The influence of TF-IDF algorithms in eCommerce search

David Argüello Sánchez
Empathy.co
Published in
9 min readAug 24, 2018

At a basic level, information retrieval systems work by receiving a term and returning a set of documents relevant for that term. The magic that happens inside these systems is defined by algorithms that, relying on probability and statistical measures, are responsible for deciding which documents are relevant for a term and the ranking of those documents. One of these statistical measures is TF-IDF.

Photo by Becca McHaffie on Unsplash

What is TF-IDF?

TF-IDF stands for Term Frequency (TF) and Inverse Document Frequency (IDF). It is a numerical, statistical measure that can be used to determine the relevance of a term in a document or in a collection. Particularly, in information retrieval systems it is used to retrieve relevant documents for a given term.

TF-IDF infers relevance based on two principles:

  • The more times a term appears in a document, the more relevant the document is for that particular term (TF).
  • The rarer a term is in a field, the more relevant the document is for that particular term (IDF).

This post will focus on the impact of TF-IDF in eCommerce search, more general detail on TF-IDF and how it is calculated can be found here.

How is the TF-IDF algorithm used?

TF-IDF is used in information retrieval algorithms, in combination with some other normalisation values, to infer document relevance for a given term.

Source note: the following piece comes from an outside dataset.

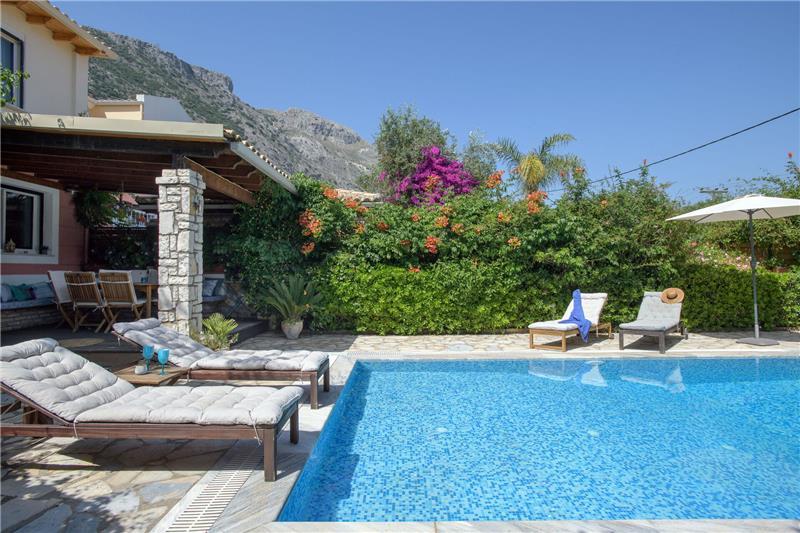 Beachfront villa in Barbati, photograph 4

Using this algorithm makes sense from two points of view. Firstly, from the TF perspective, every document containing a term can be relevant, but if a document contains a term 10 times, the probability that the document is focused on a subject related to that term is much higher. If we think about an information retrieval system built to retrieve old news from a newspaper, when a user searches for a term “car”, he would be more likely to be looking for a car article, containing sentences such as “This car…”, “It’s a car that…”, than news about a bank robbery in which there is a line saying, “the robbers escaped in a car.” In this type of search the repetition of a term increases the probability that the term is important in the document.

Secondly, taking the IDF perspective, when a field contains the term in a less common field, it is given much more information than in a common one as the relevancy is deemed higher.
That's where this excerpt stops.